Tony teaches the popular Bluegrass tune "Train 45" which happens to use the roll pattern taught in the previous lesson (the Foggy Mountain Breakdown Roll.) This gives you another song to use to practice the technique and achieve comfort and speed.
- Now I'm going to play a little bit of Train 45. With this we're going to be applying some of the Foggy Mountain breakdown roll that you just learned. And this is Ralph Stanley's arrangement of Train 45, and it's spectacular. I think it's a very simple tune, and it involves very little in terms of the right hand. You're just staying right here between the second and third frets, and that's it. It has a little bit of a bluesy quality. And I'll just play this for you, and then we'll break it down. (banjo music) Like I say, it's a fabulous arrangement, and it's high time I had some Ralph Stanley in here on the site.
I love Ralph's playing, and when he plays, he plays, well he's not playing anymore unfortunately. But his singing, it sounds great. But he gets really close to the bridge. And he gets... Really gets that kind of southwest Virginia, Clinch Mountain, hard scrabble sound. You don't have to do that, I mean if you like that sound, go ahead. Really has that edge to it. So like I say, we have a lot of the Foggy Mountain breakdown roll the way he plays this. (banjo music) So it's really cool what he does here, he goes...
And of course, remember to bring that thumb over to the second string from the second hammer on.
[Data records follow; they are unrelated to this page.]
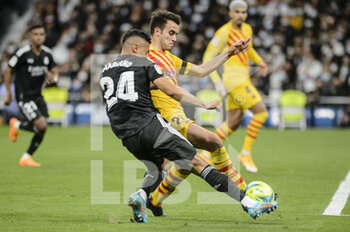 2022-03-20 - 20.03.2022, Madrid, Mariano Diaz of Real Madrid CF (L) attempts a kick while being defended by Eric Garcia of Fc Barcelona (R) during the La Liga match between Real Madrid and FC Barcelona at Estadio Santiago Bernabeu on 20 March 2022 in Madrid Spain. - REAL MADRID VS FC BARCELONA - SPANISH LA LIGA - SOCCER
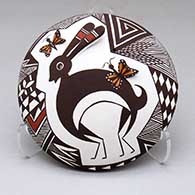 A polychrome seed pot decorated with appliques and a Mimbres rabbit, butterflies and geometric design
 by Carolyn Concho of Acoma
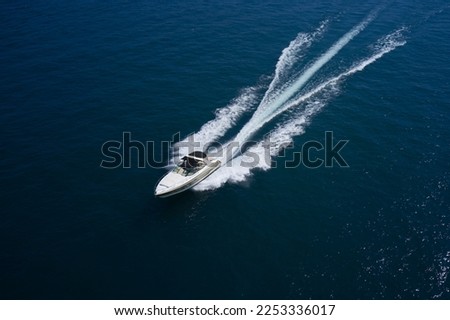 Large motor boat with an awning fast movement on dark water aerial view. Royalty-Free Stock Photo #2253336017
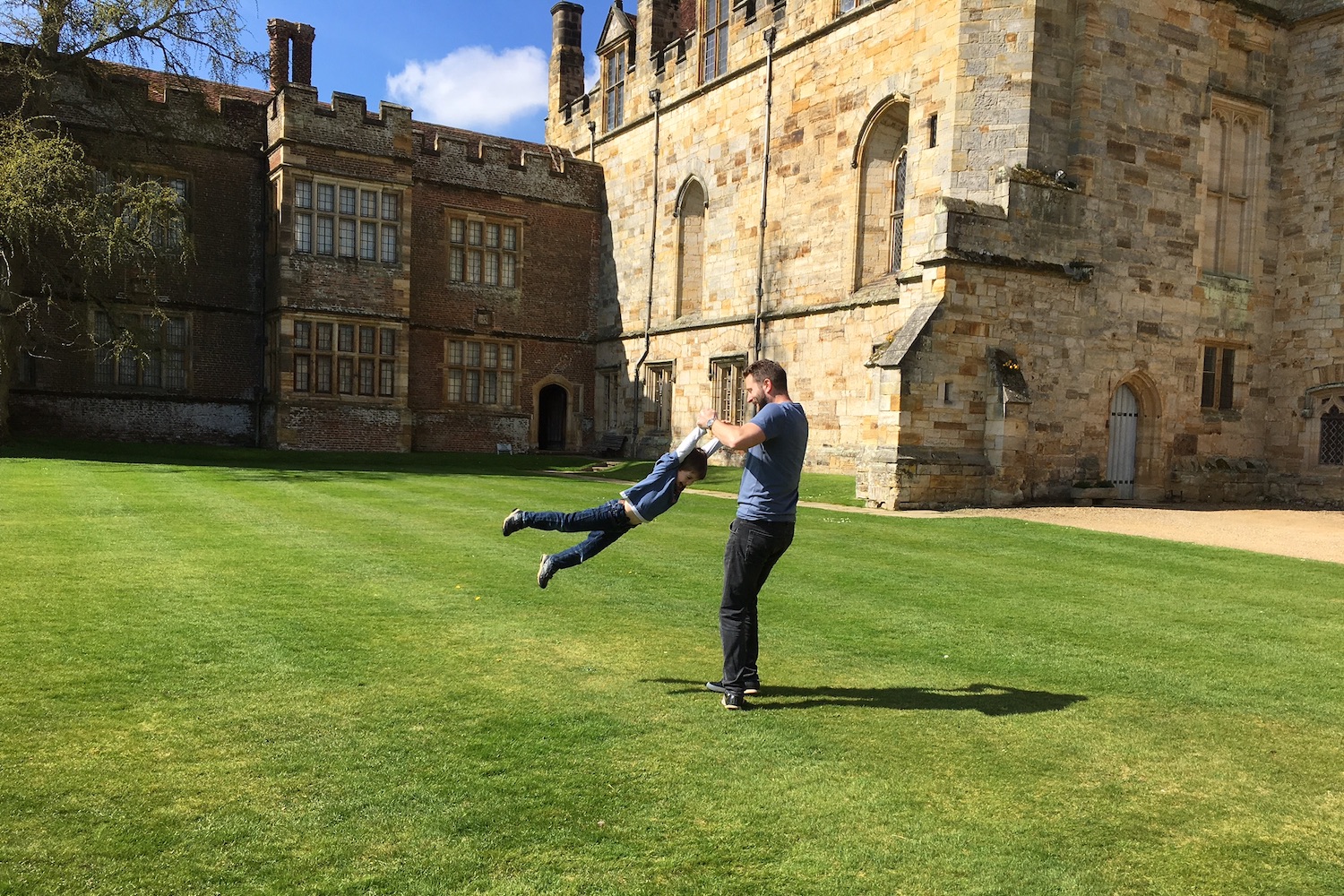 A dad and son playing together within Penshurst Place's grounds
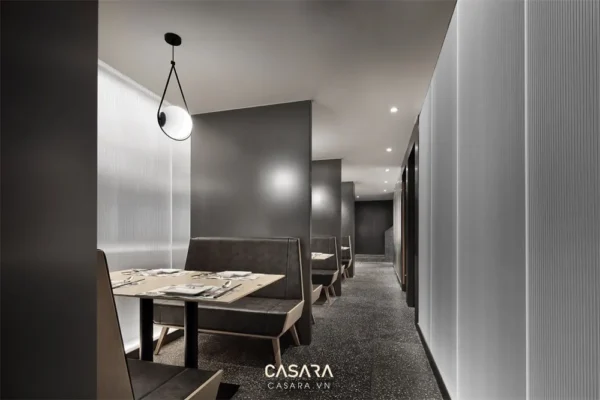 Nội thất nhà hàng hiện đại với tông màu xám đen chủ đạo, ánh sáng dịu nhẹ.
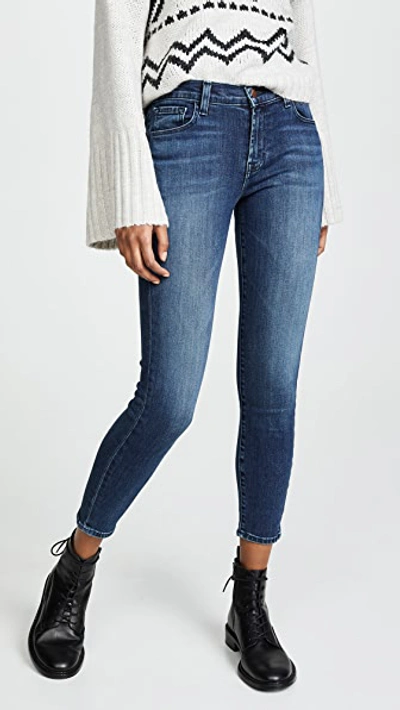 Shop J Brand 835 Mid Rise Crop Skinny Jeans In Swift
So it's index, middle, thumb, middle. And then he does a really cool thing here. He pulls off two to zero on this second string, I'm imagining with the index finger on the left hand. (banjo music) which is a really kind of a lonesome sounding thing. It's actually the Lydian mode. Do ray me fa, instead of hitting that fourth note of the scale, he's sharping it, and hitting that...
And it just sounds so cool up to tempo. So. (banjo music) And he didn't have to play exactly this, because he varies it each time, or almost every time. So the second time he does it... He goes, instead of going to the first string after the hammer on, he just does the hammer on by itself. Bring the thumb across, and now instead of going to the second string, he goes to the third string where the index finger, thumb, index, middle, thumb. On the index on the third string. So.
(banjo music) Sorry and then the second one is, without the first string and then, with the first string forward roll. And then the third time he does it... It's yet another variation, it's like the first one because he does the two zero pull off, but he doesn't hit the first string. He just hits it by itself. And then with the, again with the thumb coming over on the right hand. And that two zero pull off, index does it to open. Sorry.
(banjo music) And then he goes. There's a really great Ralph move. It's index, it's all open, you can just wave to the audience while you're doing this. Index, middle, and I bring the thumb across. Thumb, middle, forward roll, fifth, third, first, fifth. It's another variation on the Foggy Mountain breakdown roll. It's the same exact roll. Index, middle, thumb, middle. Except instead of being on the second string it's on the third string.
And so both Ralph and Earl do a lot of variations with this roll. It's a really important roll. And now, continuing now. (banjo music) Yet another variation. Hitting the first string after each hammer on. And then he just holds on to the third fret of the second string. Throw a forward roll, and then... (banjo music) I think every one of these is different so far. He does hammer on without the first string, hammer on with the first string, and then a forward roll with that two zero pull off on the second string.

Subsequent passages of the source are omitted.